━━━━━ Dataset content

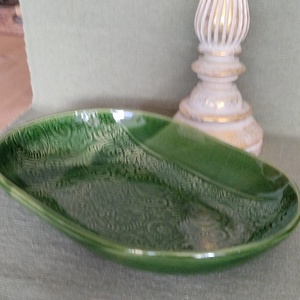 Kerámia kínáló tál ovális - otthon & életmód - konyhafelszerelés, tálalás - tálalás - kínálótál - Meska.hu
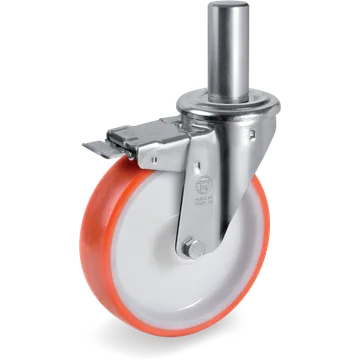 Thermoplastic polyurethane swivel castor Ø150×45 mm with brake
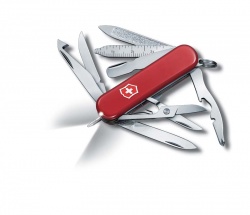 VX2N-RED11 Victorinox Midnight. Нож-брелок VICTORINOX Midnight Mini Champ, 58 мм, 17 функций, красный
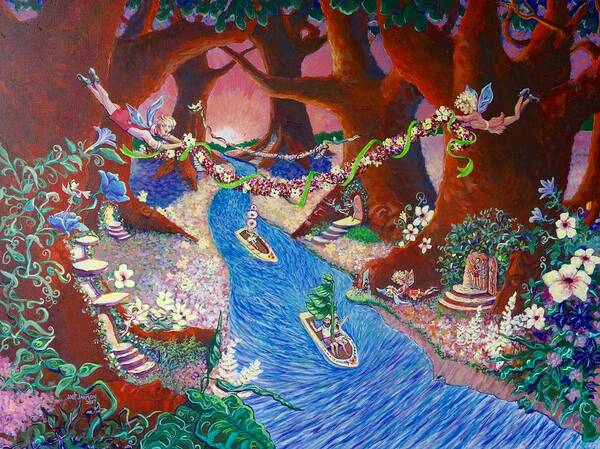 Fairies Poster featuring the painting Creekside Fairy Celebration by Jeanette Jarmon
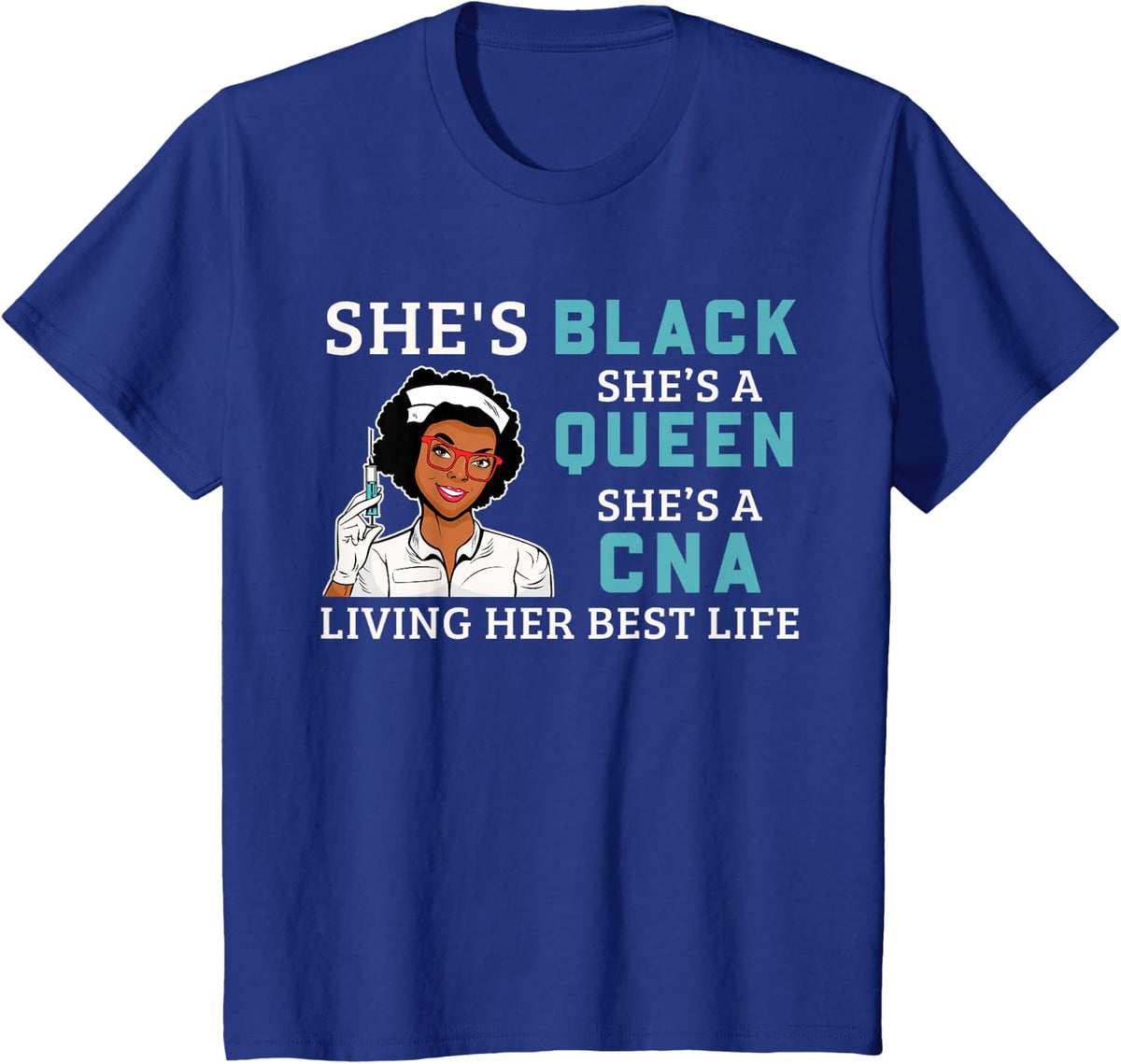Black Cna Proud Afro Queen Women T-Shirt - Royal Blue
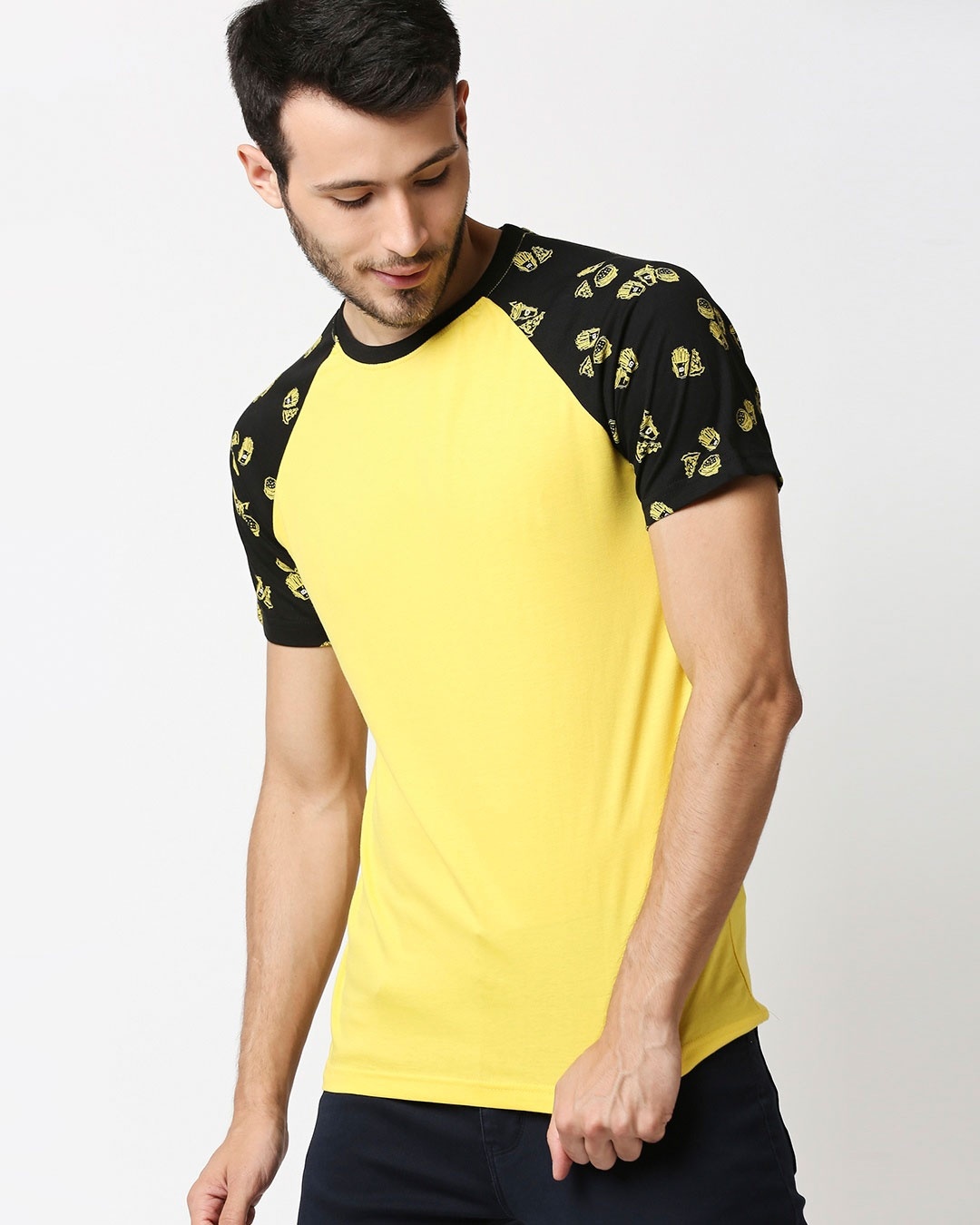 Shop Yolo Yellow AOP Half Sleeve Raglan T-Shirt-Front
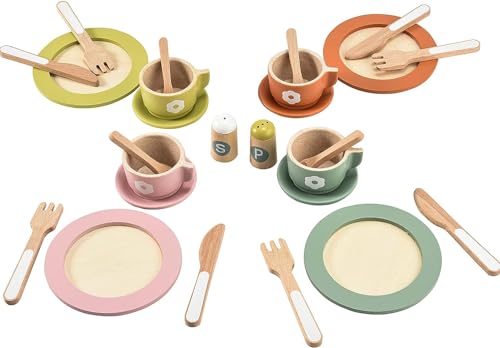 Giant bean Kinderküche Zubehör Holz, 27 Teiliges Spielküche Zubehör, Inklusive Teller und Küchenutensilien, Rollenspielspielzeug für Mädchen und Jungen, Küchenzubehör für Kinder Giant bean Kinderküche Zubehör Holz, 27 Teiliges Spielküche Zubehör, Inklusive Teller und Küchenutensilien, Rollenspielspielzeug für Mädchen und Jungen, Küchenzubehör für Kinder von Giant bean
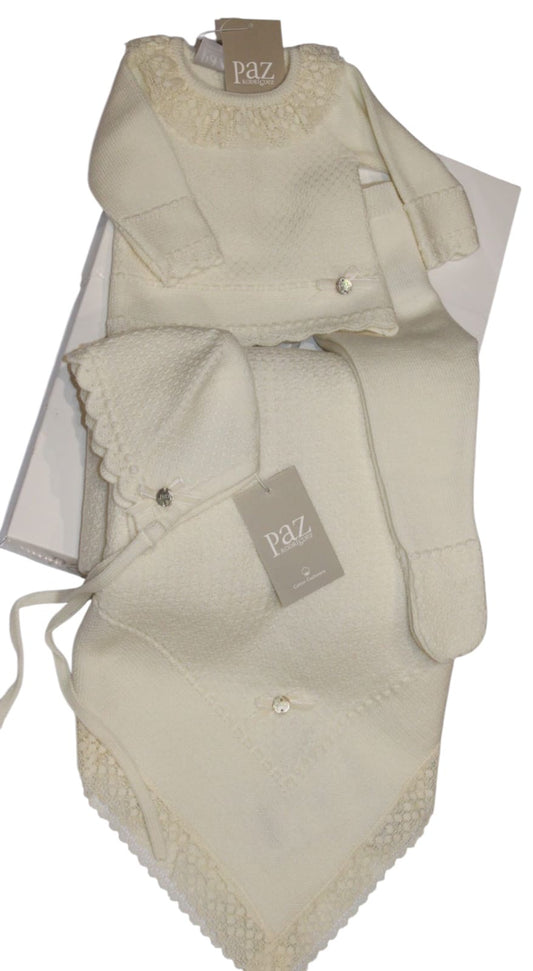 PAZ RODRIGUEZ BAY GIRLS CREAM SET + BLANKET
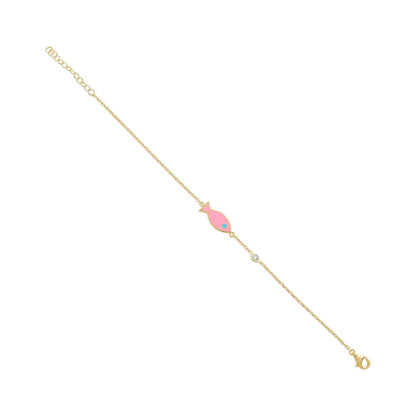 925 sterling silver pink fish bracelet PBR8005 - P - FJewellery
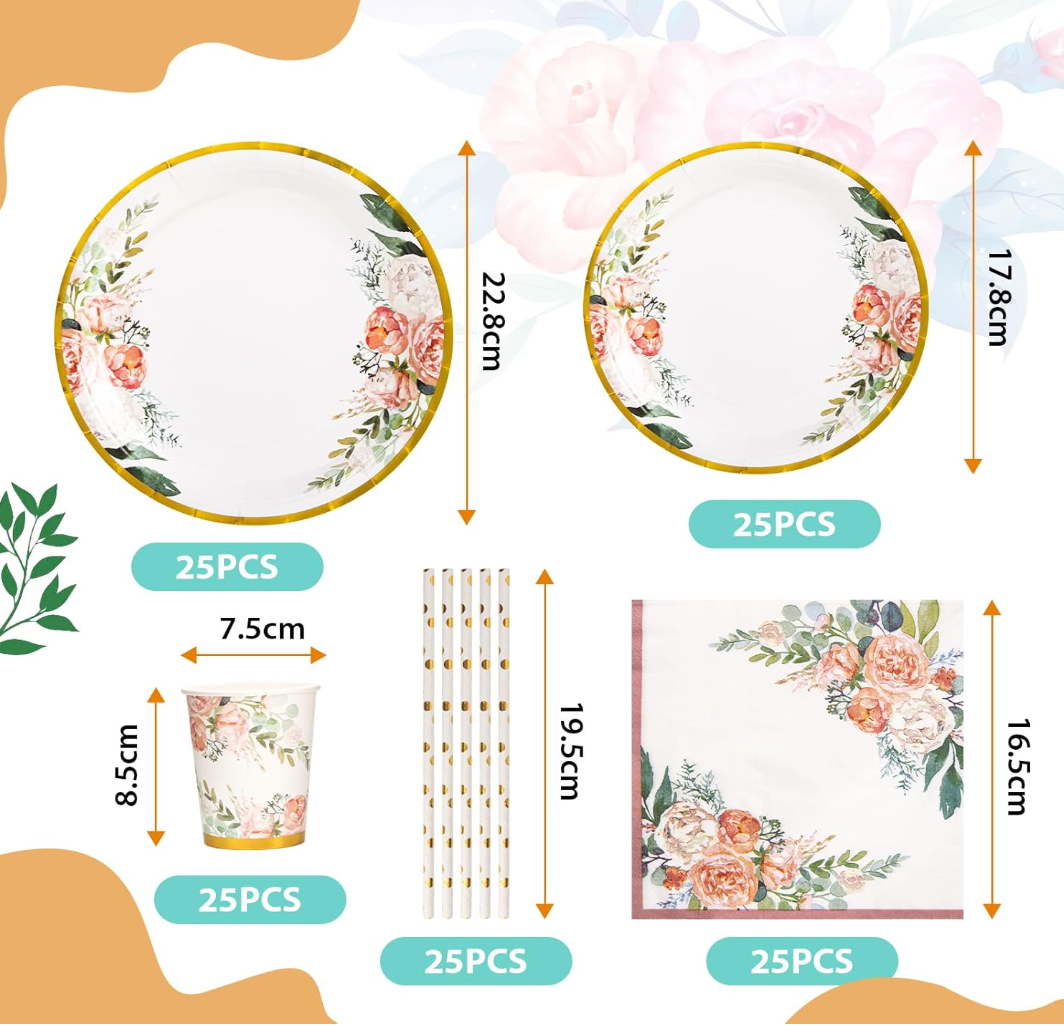 Kit de vaisselle fleuri 125 Pcs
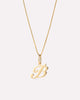 Solid Yellow Gold - Script Letter Necklace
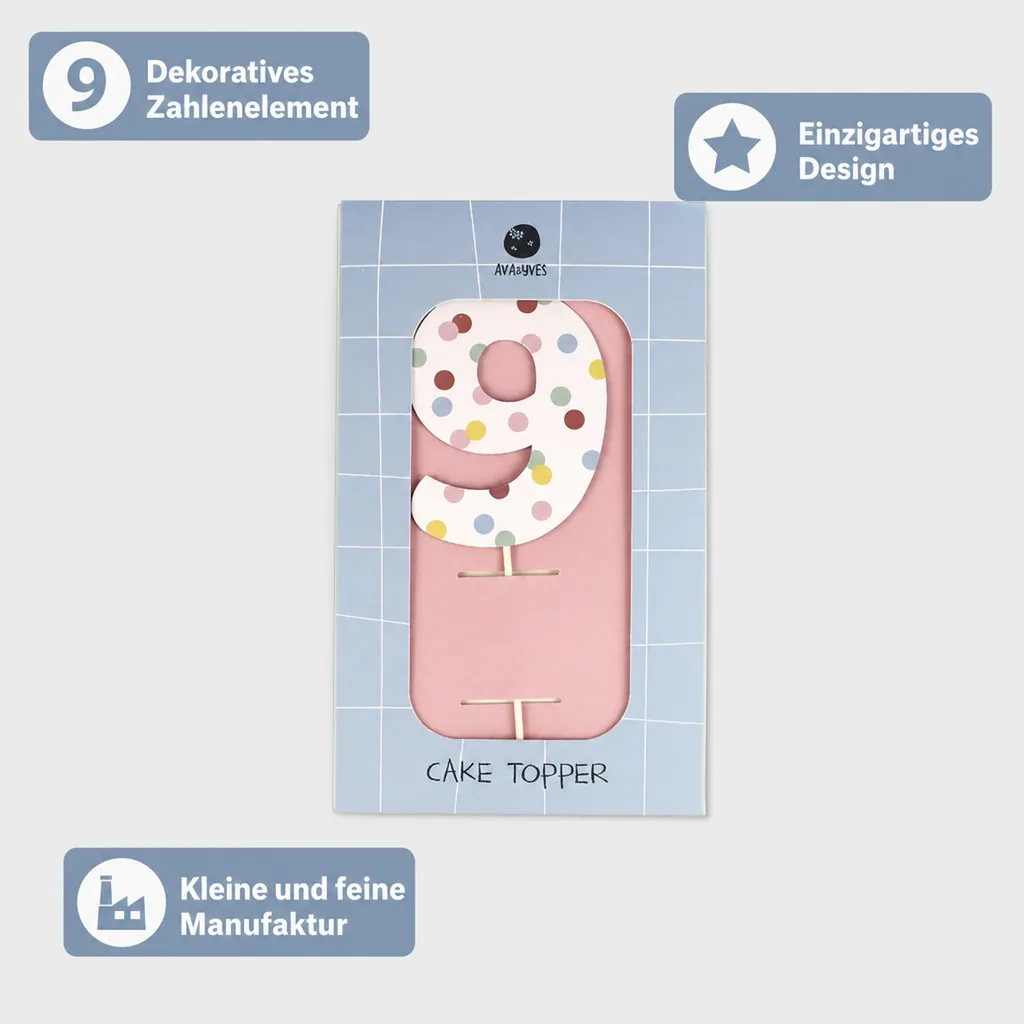 Ava & Yves Cake Topper Zahl "9"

━━━━━━━━━━

Task requirements: Every line of the listing above is to be repeated exactly, with its pictures left out.

Exercise output:
 Kerámia kínáló tál ovális - otthon & életmód - konyhafelszerelés, tálalás - tálalás - kínálótál - Meska.hu
 Thermoplastic polyurethane swivel castor Ø150×45 mm with brake
 VX2N-RED11 Victorinox Midnight. Нож-брелок VICTORINOX Midnight Mini Champ, 58 мм, 17 функций, красный
 Fairies Poster featuring the painting Creekside Fairy Celebration by Jeanette Jarmon
Black Cna Proud Afro Queen Women T-Shirt - Royal Blue
 Shop Yolo Yellow AOP Half Sleeve Raglan T-Shirt-Front
 Giant bean Kinderküche Zubehör Holz, 27 Teiliges Spielküche Zubehör, Inklusive Teller und Küchenutensilien, Rollenspielspielzeug für Mädchen und Jungen, Küchenzubehör für Kinder Giant bean Kinderküche Zubehör Holz, 27 Teiliges Spielküche Zubehör, Inklusive Teller und Küchenutensilien, Rollenspielspielzeug für Mädchen und Jungen, Küchenzubehör für Kinder von Giant bean
 PAZ RODRIGUEZ BAY GIRLS CREAM SET + BLANKET
 925 sterling silver pink fish bracelet PBR8005 - P - FJewellery
 Kit de vaisselle fleuri 125 Pcs
 Solid Yellow Gold - Script Letter Necklace
 Ava & Yves Cake Topper Zahl "9"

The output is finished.